» **YOUR OBJECTIVE**
Please repeat exactly the lines below from the line with "cuốn hút Thẩm" to the line with "Erzincanda Trafo Patlaması", including both, and leave out every picture.

» **DATA SUPPLIED**
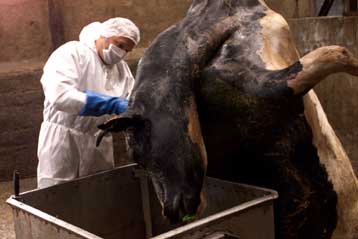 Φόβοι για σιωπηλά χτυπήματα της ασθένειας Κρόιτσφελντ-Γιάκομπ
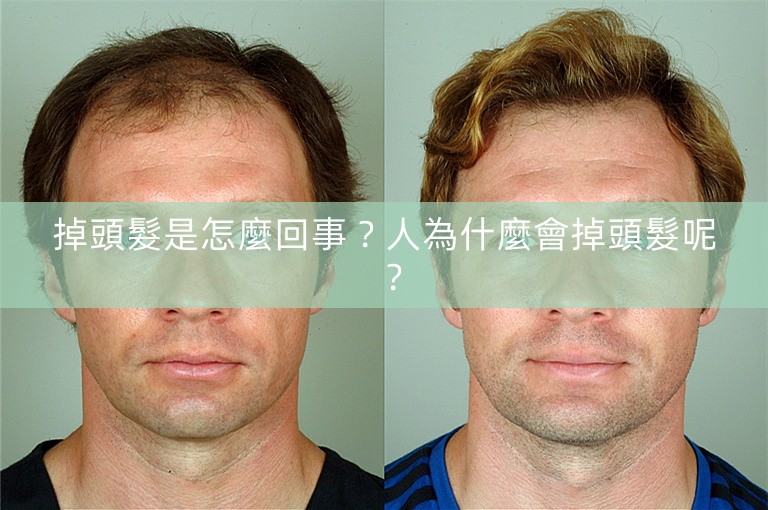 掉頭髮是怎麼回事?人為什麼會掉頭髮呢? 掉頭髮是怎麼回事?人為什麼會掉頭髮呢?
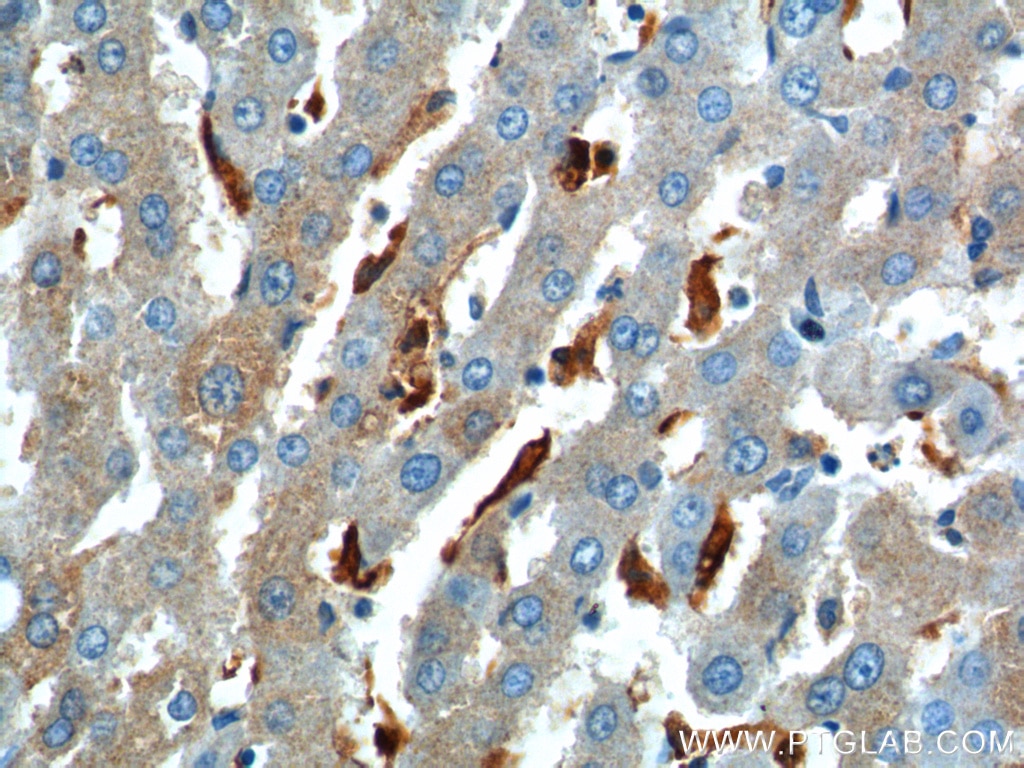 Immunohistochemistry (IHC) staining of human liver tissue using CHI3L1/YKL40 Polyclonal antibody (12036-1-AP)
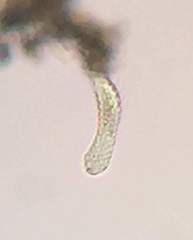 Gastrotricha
* * *
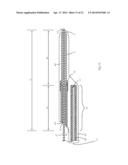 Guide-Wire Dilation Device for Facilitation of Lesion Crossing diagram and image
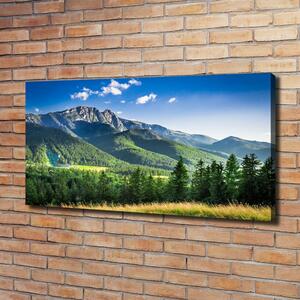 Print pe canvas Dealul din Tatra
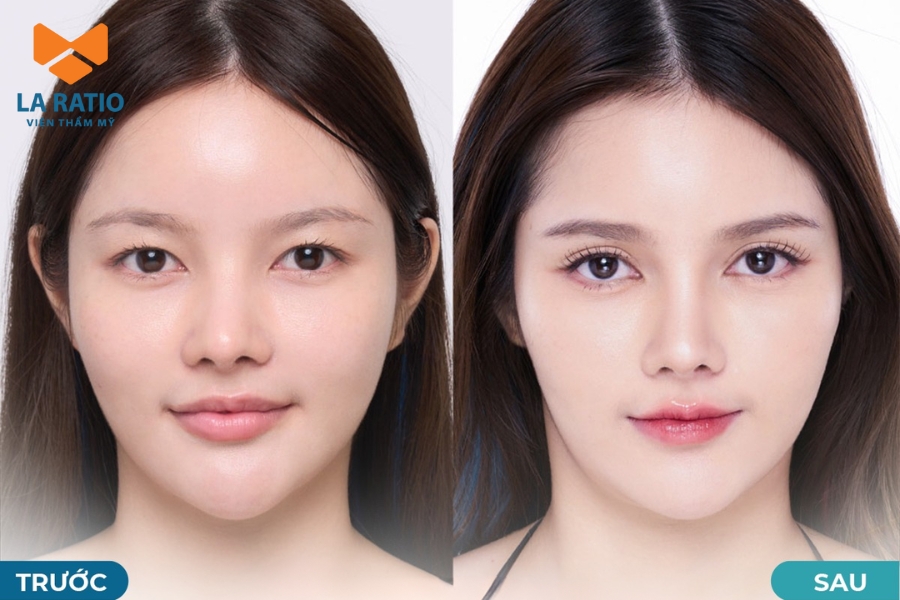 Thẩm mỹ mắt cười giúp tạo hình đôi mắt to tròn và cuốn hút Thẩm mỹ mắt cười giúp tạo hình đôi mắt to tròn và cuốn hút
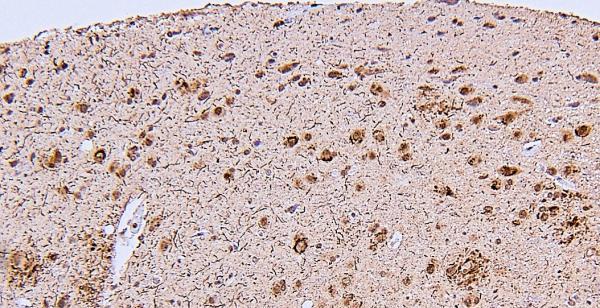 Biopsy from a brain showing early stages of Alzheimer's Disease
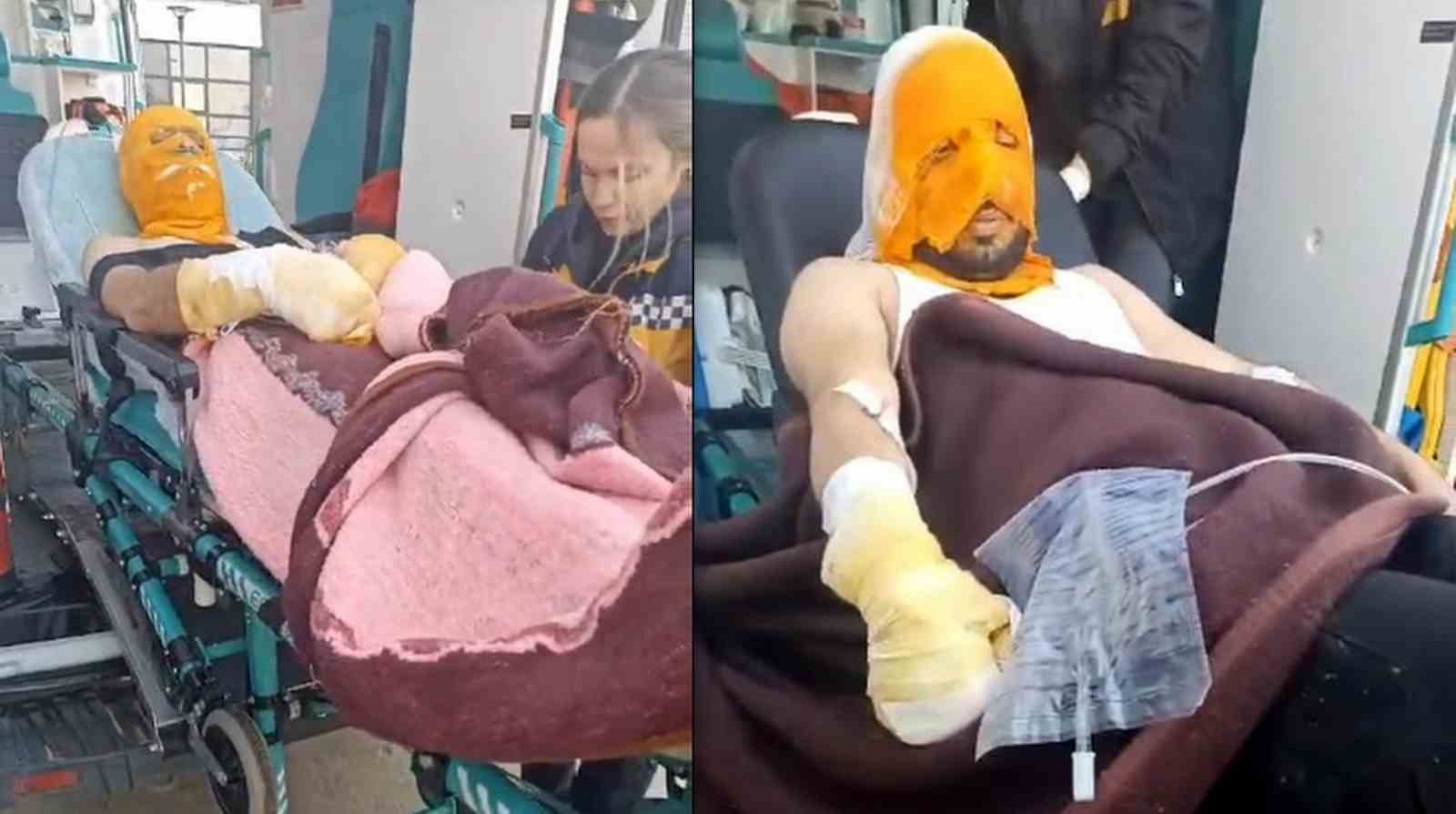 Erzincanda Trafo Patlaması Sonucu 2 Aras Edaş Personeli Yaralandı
---
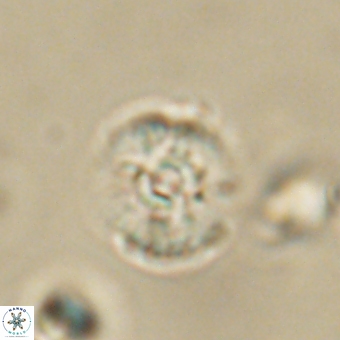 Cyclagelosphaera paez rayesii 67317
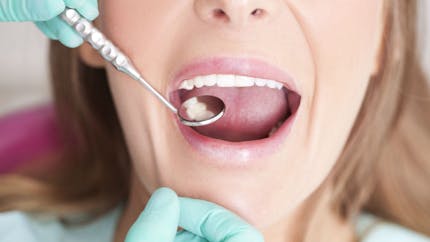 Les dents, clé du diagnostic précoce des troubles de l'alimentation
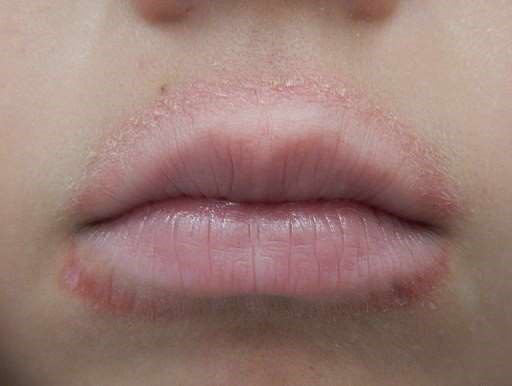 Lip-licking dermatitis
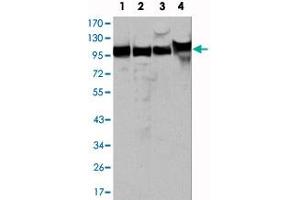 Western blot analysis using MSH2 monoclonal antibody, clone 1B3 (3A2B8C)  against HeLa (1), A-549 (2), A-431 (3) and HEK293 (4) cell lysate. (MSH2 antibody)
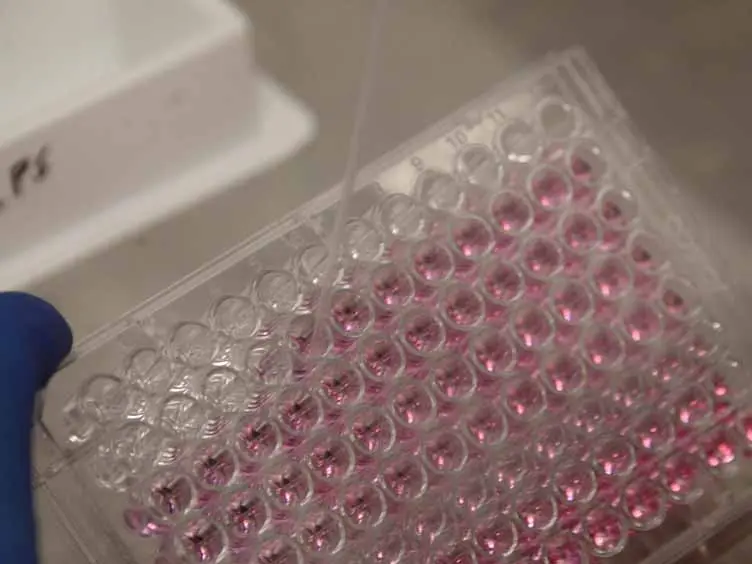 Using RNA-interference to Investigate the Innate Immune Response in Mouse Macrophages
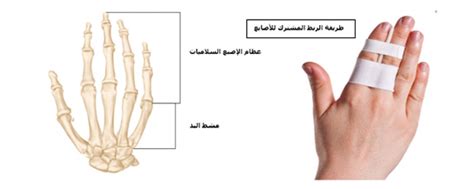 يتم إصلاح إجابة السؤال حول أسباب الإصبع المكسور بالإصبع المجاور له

» **RESPONSE BELOW**
 Thẩm mỹ mắt cười giúp tạo hình đôi mắt to tròn và cuốn hút Thẩm mỹ mắt cười giúp tạo hình đôi mắt to tròn và cuốn hút
 Biopsy from a brain showing early stages of Alzheimer's Disease
 Erzincanda Trafo Patlaması Sonucu 2 Aras Edaş Personeli Yaralandı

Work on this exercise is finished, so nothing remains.